> **YOUR ASSIGNMENT**
When you reach the line that contains "Ungrid「ギャザーデザインハーフスリーブシャツ」|シャツ・ブラウス|", begin copying exactly, and continue through the last line of the data; no pictures belong in the copy.
------------------------------------
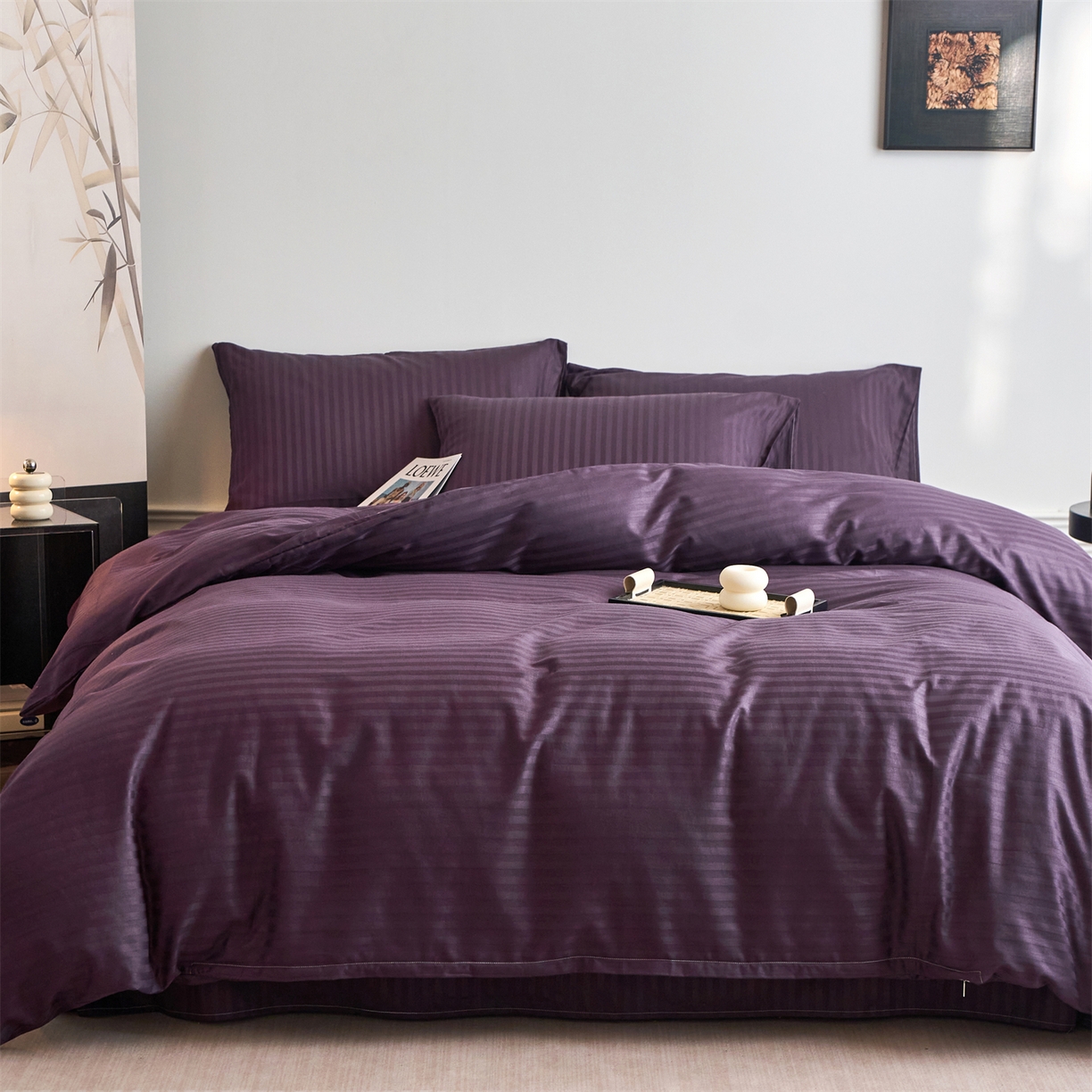 91家纺网 家纺一手货源 找家纺 兰紫橙家纺 2026新款全棉纯棉纯色贡缎缎条四件套 缎条-茄紫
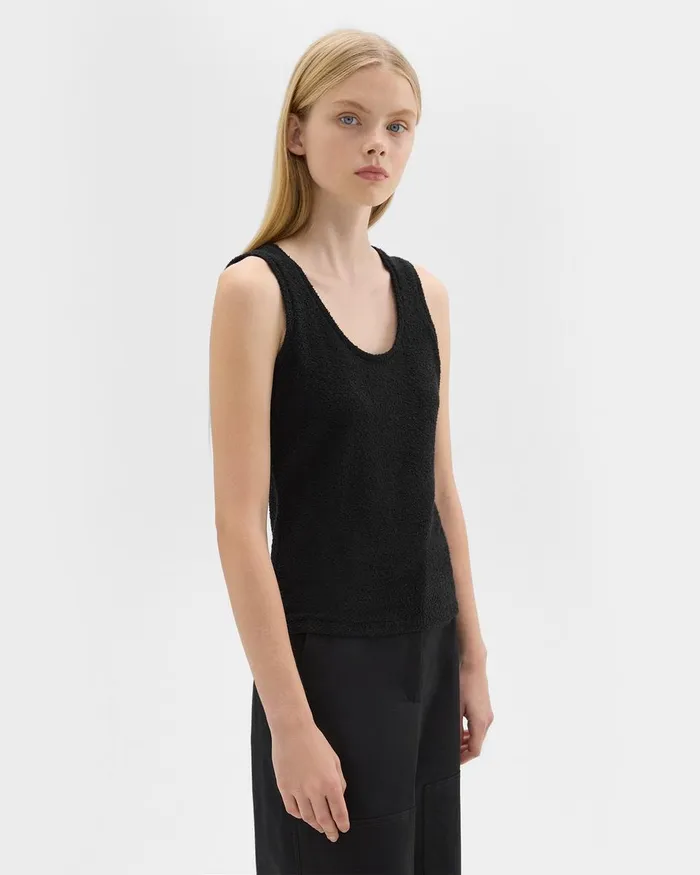 Women TShirts Tank Tops Theory Tiny Tank In Boucleacute Jersey Black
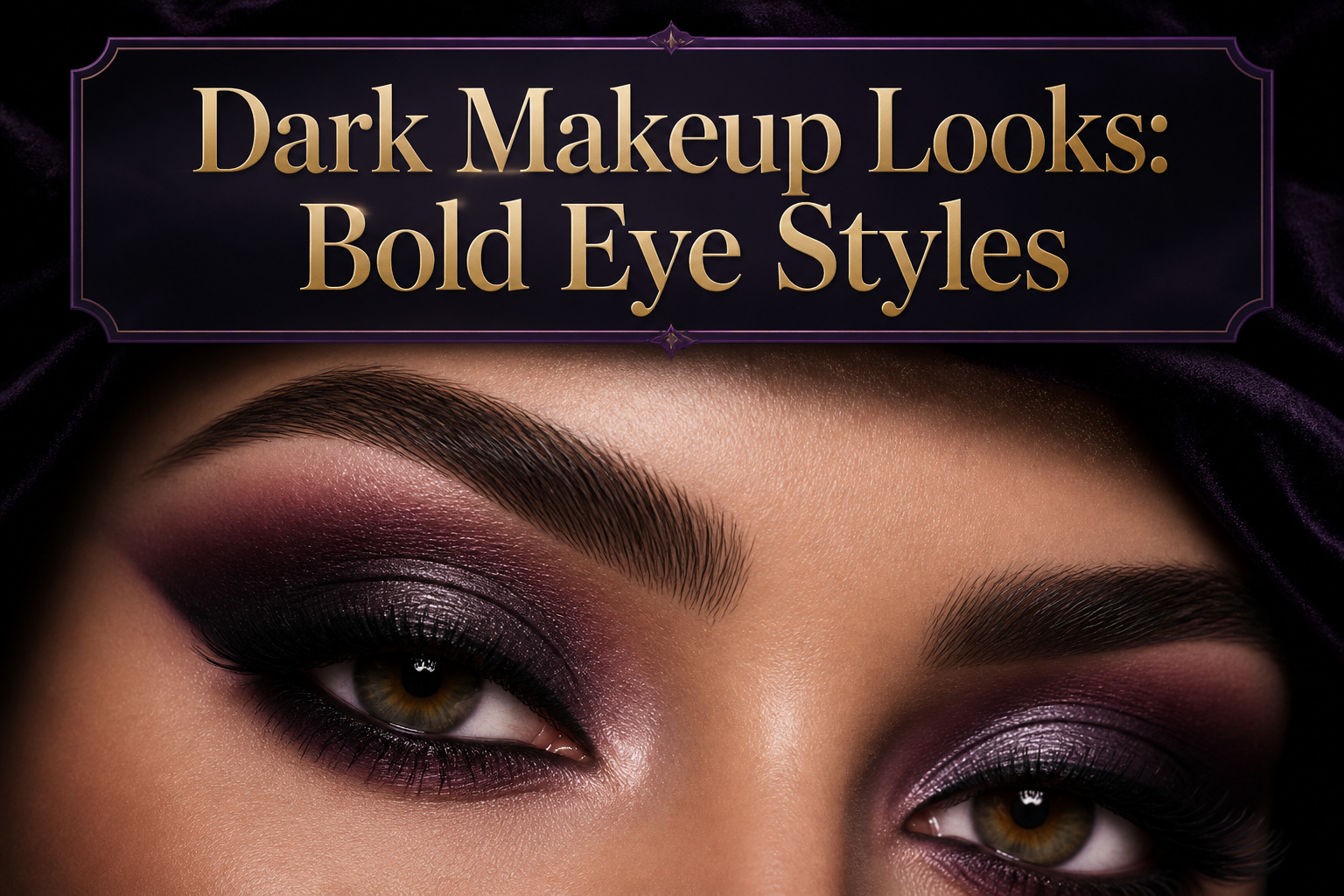 Model with bold dark makeup and striking eye details.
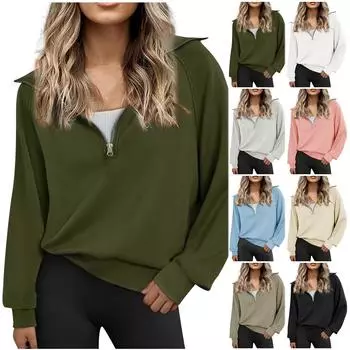 Женская негабаритная толстовка на молнии с половиной молнии, толстовка с длинным рукавом и четвертью молнией, толстовка с капюшоном на осень и зиму L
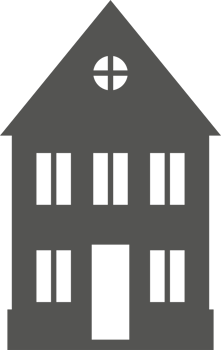 Silhouette of cottage in neighborhood. House on suburban street. Countryside cottage home. Glyph illustration png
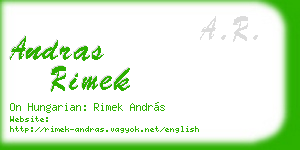 andras rimek business card
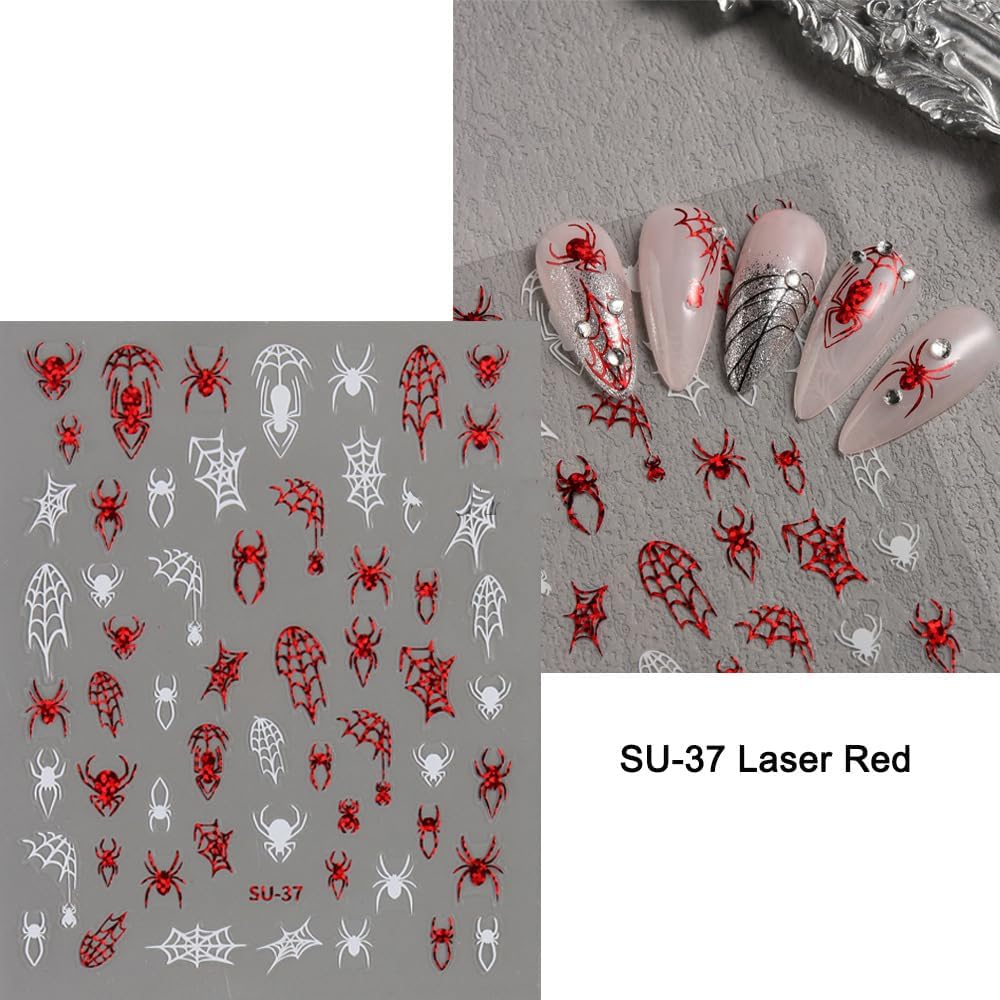 Halloween Nails Stickers Black Spider Nails Sticker 3D Embossed White Web Self Adhesive Sticker Nail Decals Black White Red Glitter Nail Art Decals Halloween Decals for Nail DIY Manicure 6Sheet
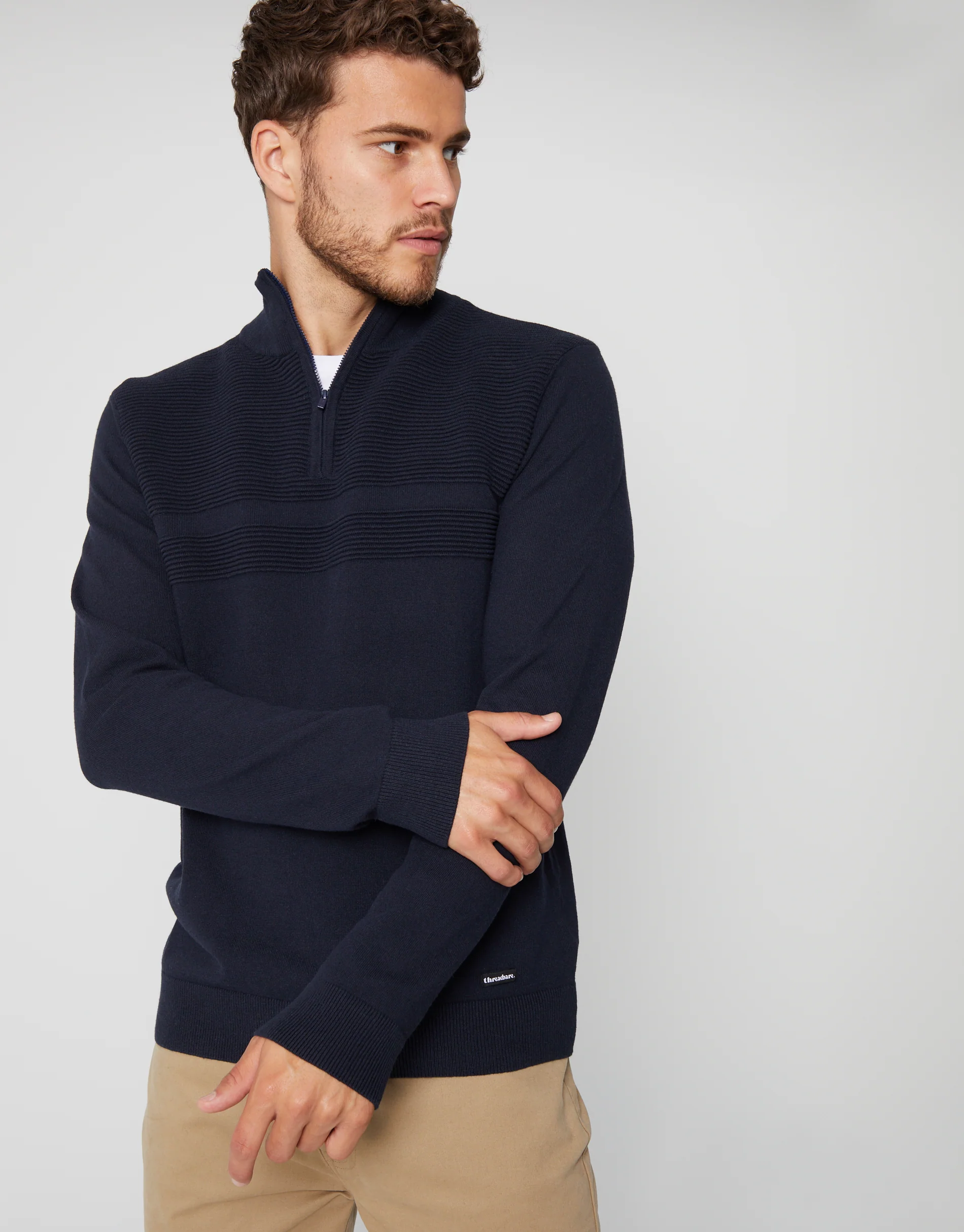 Rib Detail Knitted Quarter Zip Jumper in Navy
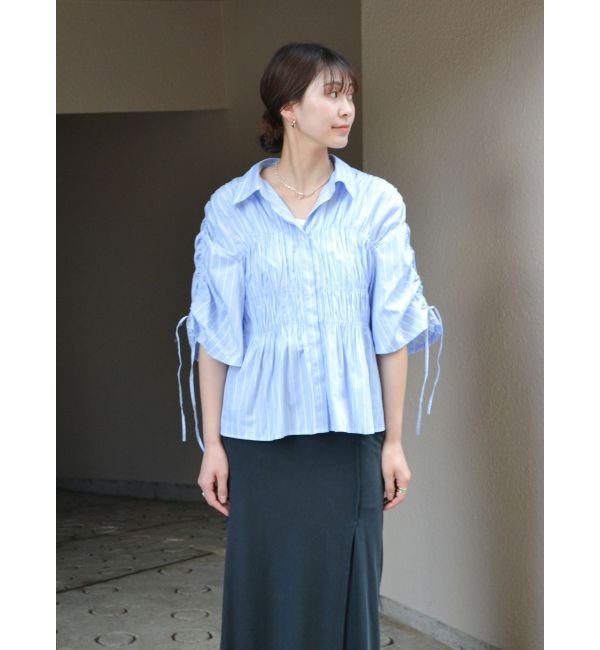 Ungrid「ギャザーデザインハーフスリーブシャツ」|シャツ・ブラウス|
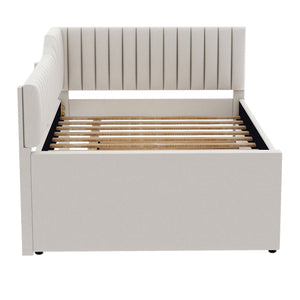 English Elm Full Upholstered Daybed with Trundle and Three Drawers, Linen-Blend Fabric, Space-Saving Guest Bed, Storage-Friendly Design Beige DL002058AAA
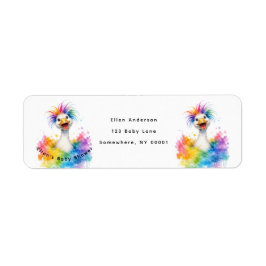 Etiqueta One Silly Goose Rainbow Baby Shower Address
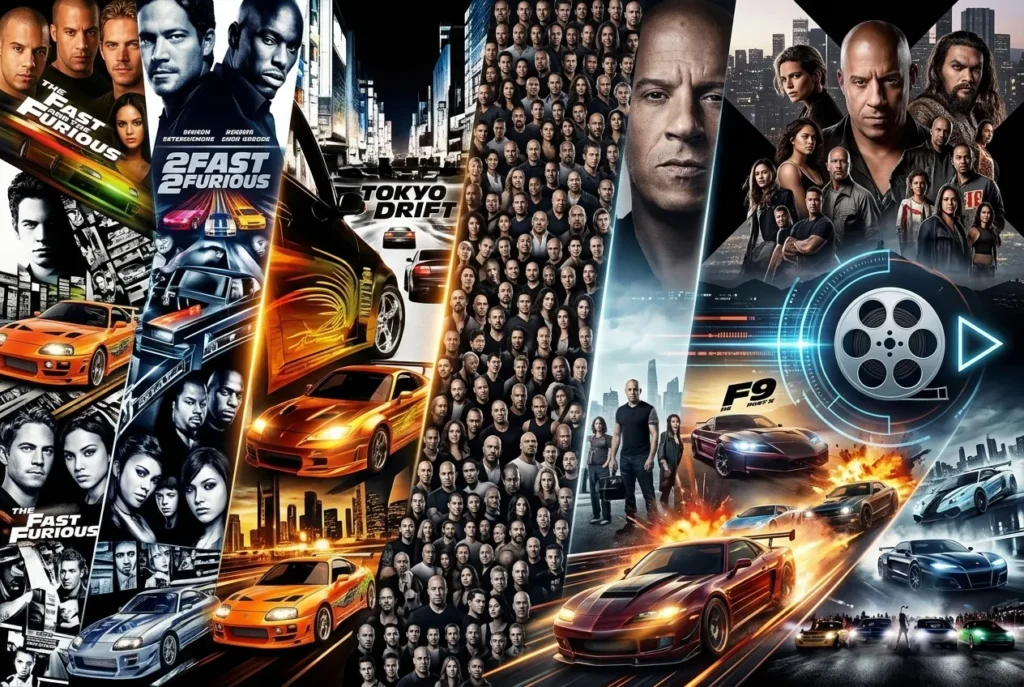 Fast and Furious movies in order poster collage showing the full film timeline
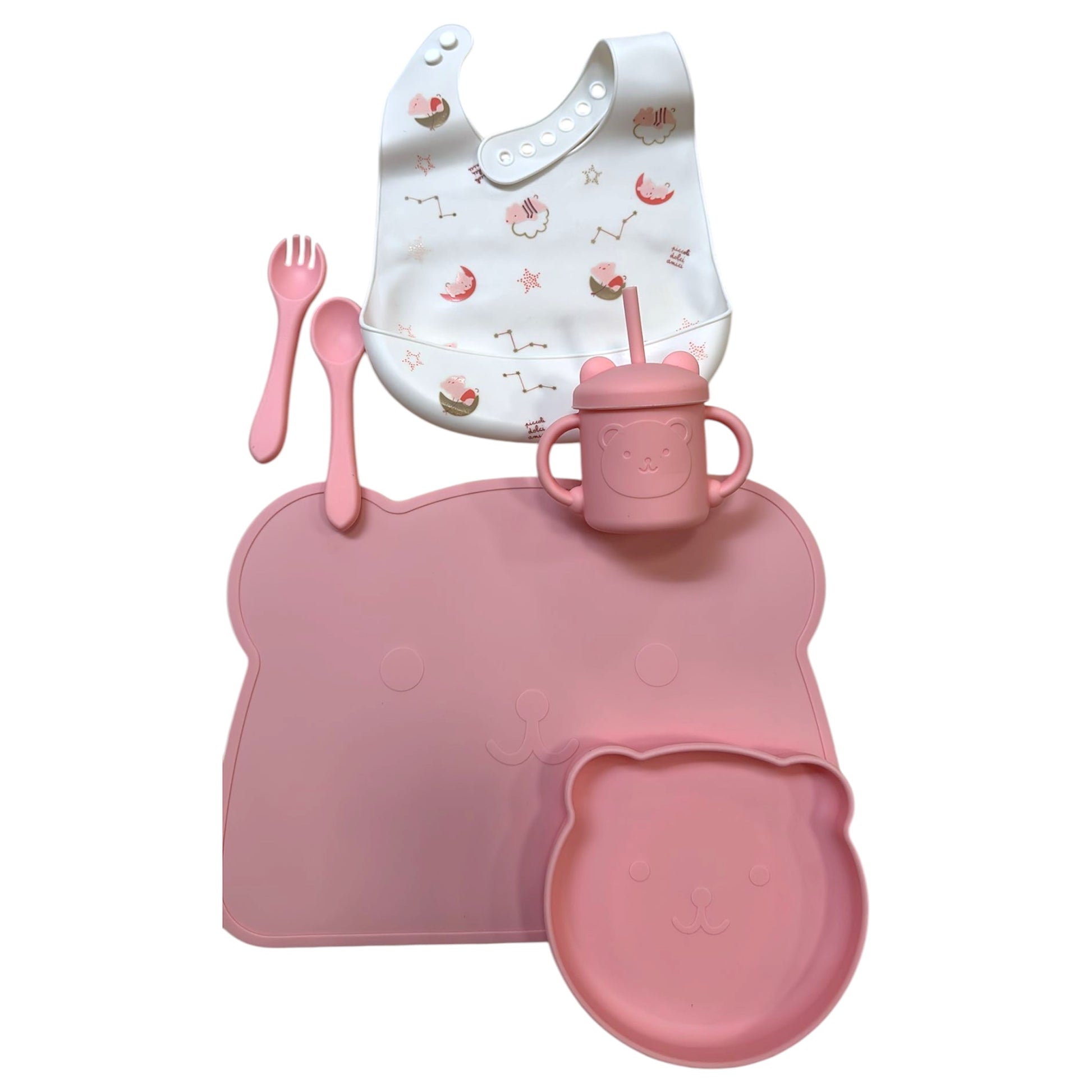 Set pappa in silicone rosa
------------------------------------
> **PROBLEM SOLUTION**
 Ungrid「ギャザーデザインハーフスリーブシャツ」|シャツ・ブラウス|
 English Elm Full Upholstered Daybed with Trundle and Three Drawers, Linen-Blend Fabric, Space-Saving Guest Bed, Storage-Friendly Design Beige DL002058AAA
 Etiqueta One Silly Goose Rainbow Baby Shower Address
 Fast and Furious movies in order poster collage showing the full film timeline
 Set pappa in silicone rosa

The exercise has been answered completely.